General Taylor selected a position admirably adapted for defense at the Rancho of Buena Vista. The position was marked by narrow defiles, deep ravines and rugged and high ridges that commanded the valley below.

An army dislodged from such a position by such a foe is lost, and well each American soldier knew it. The battle began at daylight, on February 28, 1847, by the attack of the enemy in force upon our left flank. That attack was handsomely repulsed by the fire of the 2nd Illinois Infantry and the Kentucky Cavalry, with Bragg's and Sherman's splendidly served batteries, a battalion of the 2nd and 3rd Indiana riflemen, and a company of dismounted Arkansas cavalry.

About 9 o'clock in the morning, another heavy column of Mexicans moved along the road against the centre of our position. This force was checked by the well directed fire of Washington's battery, and diverged to our left, where the enemy was concentrating for a decisive attack. The extreme left of our line was posted on a high and broad plateau, and was composed of the 2nd Indiana and 2nd Illinois Infantry. The tremendous impact of that attack compelled those regiments to retire after sustaining for some time a terrible cross fire of artillery and a heavy fire on their front by a greatly superior force of infantry.

At that crisis of the battle the first Mississippi Rifles, commanded by Col.

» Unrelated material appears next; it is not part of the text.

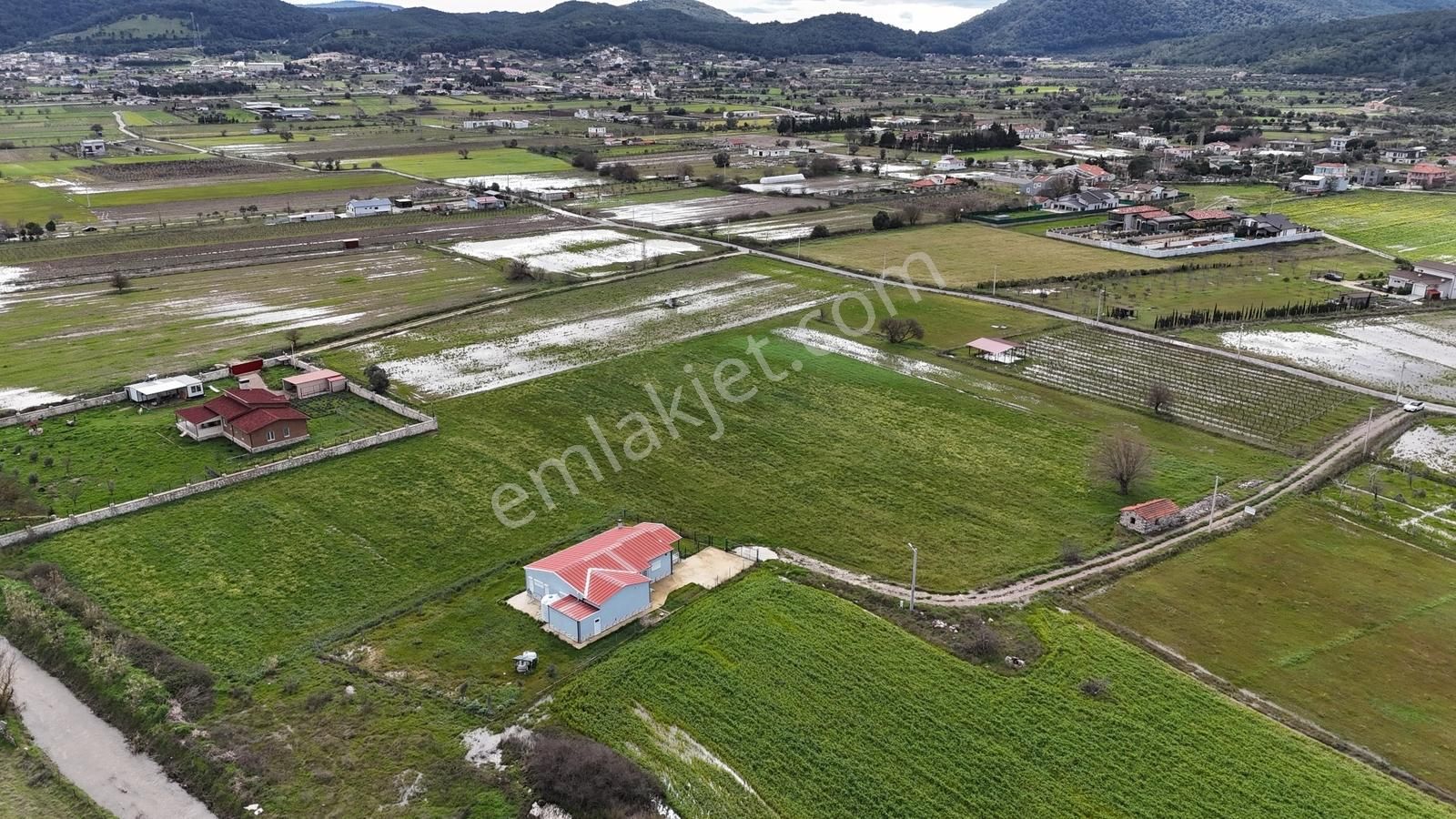 Birgi'de Yerleşime 90 Metre Ev Ve Tarla Vasfıyla Fırsat ! - Görsel 8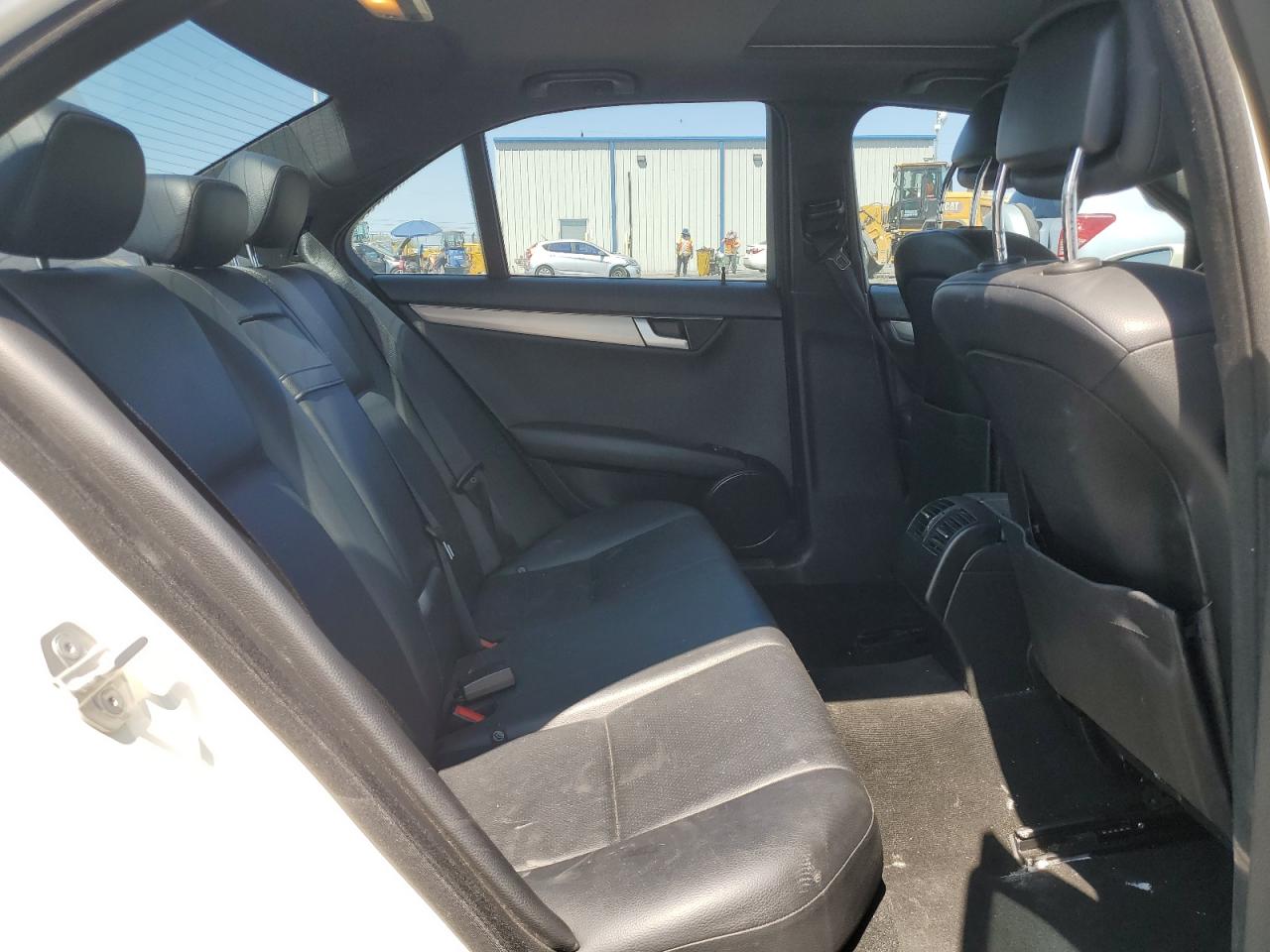 2012 Mercedes-Benz C 250 VIN: WDDGF4HB1CR212857 Lot: 64619604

Jefferson Davis, doubtless saved the day by the rapidity and accuracy of their fire, delivered against the advancing cavalry of the enemy, then exulting in the prospect of speedy victory. Most gallantly did he uphold the starry ensign of the Union, and for that, though his fortunes have foundered since, in grateful memory, for the flag's sake, we respectfully salute him now. The Mississippi Rifles were soon gallantly supported by the 3rd Indiana, 1st Illinois, and 2nd Kentucky regiments, with a section of Bragg's famous battery, and the ground lost on our left flank was in great part recovered. At the base of the mountain the right flank of the enemy was held in check by the regular dragoons, and Indiana and Arkansas troops, and the destructive fire of our artillery, shattering that it might reach, and reaching that it might shatter the dense lines of the enemy, of whose magnificent cavalry it may be said--

The sheen of the spears was like stars on the sea,
When the blue waves roll nightly on deep Gallilee.

At that moment, when his attacking force had received a disastrous check, Gen. Santa Anna, with characteristic cunning, sent in a flag of truce, and our fire was suspended. This expedient cannot be too much commended in the practice of the art of war, although all writers upon grand strategy have overlooked it in works upon military science. Whenever your attacking columns are about to be repulsed and shattered, hurry up a flag of truce and demand the surrender of your exultant enemy; and then, before he can recover from his astonishment at your sublime impudence, reform your broken columns, and retire with dignity under the shelter of the peaceful symbol. Santa Anna's demand for the surrender of General Taylor's army was promptly declined by "Old Rough and Ready", without thanks.

The battle was soon after renewed by the enemy who brought all his reserves into action. After a tremendous struggle they were again disastrously repulsed. The battle of twelve terrible hours had ended, and "our flag was still there!" Santa Anna retired rapidly with his army into the interior, only taking time to send off a bulletin to the capital announcing that he had just won a "glorious victory" over the "Barbarians of the North, at Buena Vista".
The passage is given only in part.